Le società controllate
In materia di responsabilità contabile è utile menzionare, per il mondo degli enti locali e delle società partecipate, anche il tema delle competenze e delle rispettive responsabilità degli amministratori dei Comuni e dei consiglieri di amministrazione delle aziende controllate. Infatti, le decisioni della Cassazione in materia di giurisdizione della Corte dei conti sono di grande rilievo pratico per gli amministratori di Comuni e Province così come, ai sensi delle sentenze ora ricordate, per i soggetti che operano con le pubbliche amministrazioni, siano essi pubblici o privati.

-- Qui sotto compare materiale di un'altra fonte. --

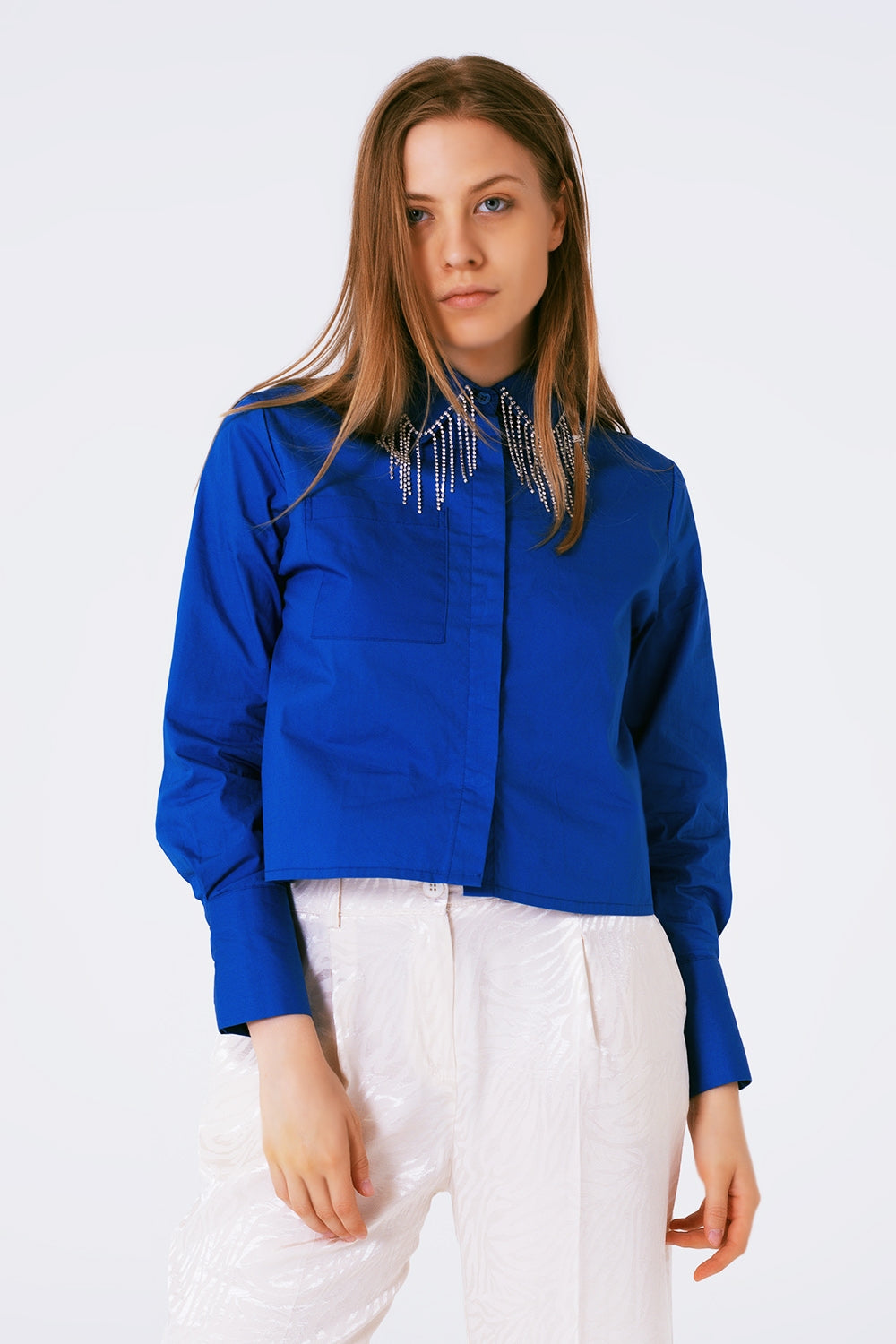 Camisa de algodón en color azul cobalto con flecos de strass colgando del cuello.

Si ricorda, in proposito, la altrettanto consolidata giurisprudenza che, a partire dalla sentenza di Cassazione a sezioni unite del 19 dicembre 2009, n. 26906 (e confermata da molte sentenze successive, tra cui da ultimo Cassazione sezioni unite n. 10299/2013) attribuisce al giudice ordinario la giurisdizione sull’azione di risarcimento dei danni subiti da una società a partecipazione pubblica per effetto della condotta degli amministratori o dei dipendenti, quando questa danneggi il patrimonio della società e non direttamente il bilancio pubblico. In sostanza per la Corte ha rilievo la personalità giuridica, di natura privata, delle società di capitali, che non trova nella normativa, secondo la Cassazione, sufficienti elementi che possano portare all’individuazione di una forma speciale di società “pubblica”, distinta da quella regolamentata dal Codice civile. Non basta la proprietà della società, e le norme dedicate alle aziende pubbliche, a qualificarne la “peculiarità” giuridica.

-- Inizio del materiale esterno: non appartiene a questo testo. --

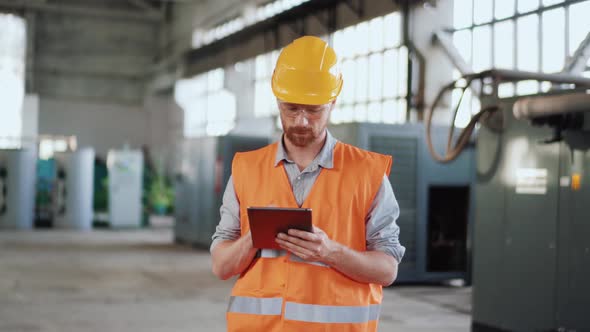 Man engineer in uniform calculating on tablet alt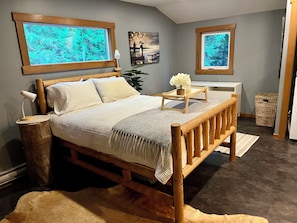 A bedroom with a wooden bed, a nightstand, a lamp, a small table with a candle and flowers, a picture on the wall, and a window with a view of trees.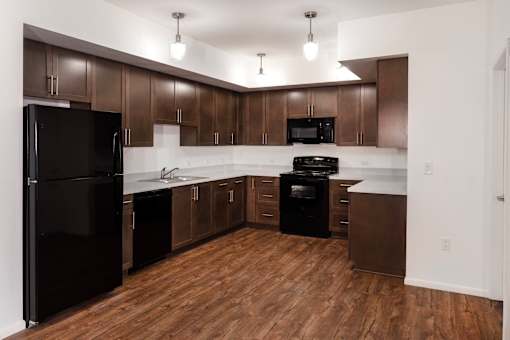 A kitchen with wooden floors and dark brown cabinets.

Pertanto, in linea di principio, la giurisdizione della Corte dei conti non si esercita sugli organi societari che abbiano appunto recato un danno al patrimonio della società ma non a quello dell’ente controllante. In tal caso devono semmai ritenersi responsabili di danno erariale gli amministratori dell’ente pubblico che abbiano omesso di esercitare correttamente i diritti e doveri di socio, determinando così una perdita di valore della partecipazione. In sostanza, sono gli amministratori del Comune che rischiano di dover rispondere alla Corte dei conti di danno erariale e non i consiglieri di amministrazione della società, verso i quali l’ente pubblico ha il dovere di attivarsi secondo le azioni proprie previste dal Codice, prima tra tutte l’azione sociale di responsabilità ex articolo 2393 del Codice civile.
Va ricordato, per inciso, che la natura delle varie azioni è assai diversa: l’azione contabile è fondamentalmente sanzionatoria e richiede pertanto la verifica del dolo o della colpa grave; l’azione sociale di responsabilità ha scopo ripristinatorio ed è sufficiente la colpa lieve.
Gli amministratori di società, però, non per questo possono dormire sonni tranquilli, visto che, nel caso di gestione di denaro pubblico, possono appunto essere chiamati a risponderne ai sensi della sentenza n. 17660/2013.